**Required work:** Please copy every record below exactly, but leave the pictures out.

**Data listing:**
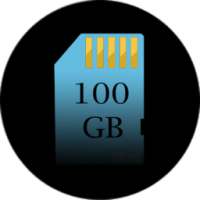 100 GB SD Card storage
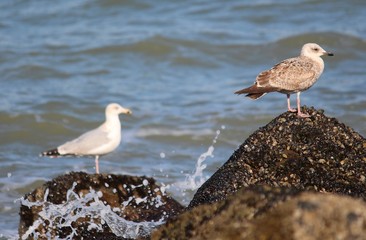 seagull on the beach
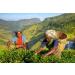 CENVEL Super Opa Loose Whole Leaf Black Tea | Exclusive Large Leaf Ceylon Tea | 100% Natural Tea | Pure Black Tea | Eco-Friendly Packaging (100g) - Buy Online on GoSupps.com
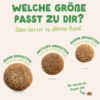 Edgard & Cooper Adult Lamm 2,5kg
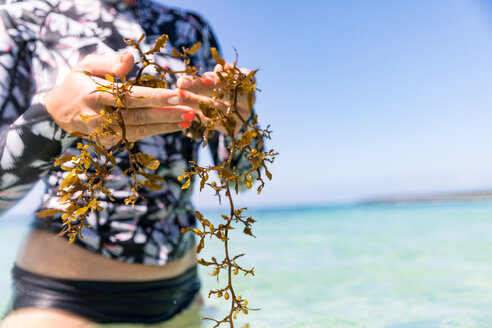 Frau mit einer Handvoll Seegras im Meer, Pagudpud, Ilocos Norte, Philippinen - CUF51030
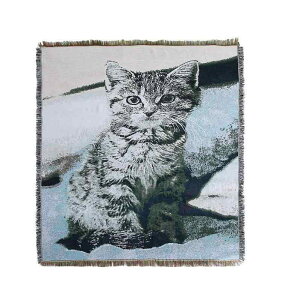 uPbg \t@Jo[ AJ g L Rbg l ^yXg[ \t@uPbg  Vv _ 傫TCY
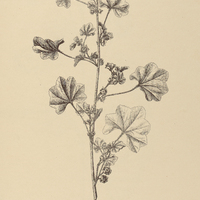 51. MALVA parviflora.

**Result below:**
 100 GB SD Card storage
 seagull on the beach
 CENVEL Super Opa Loose Whole Leaf Black Tea | Exclusive Large Leaf Ceylon Tea | 100% Natural Tea | Pure Black Tea | Eco-Friendly Packaging (100g) - Buy Online on GoSupps.com
 Edgard & Cooper Adult Lamm 2,5kg
 Frau mit einer Handvoll Seegras im Meer, Pagudpud, Ilocos Norte, Philippinen - CUF51030
 uPbg \t@Jo[ AJ g L Rbg l ^yXg[ \t@uPbg  Vv _ 傫TCY
 51. MALVA parviflora.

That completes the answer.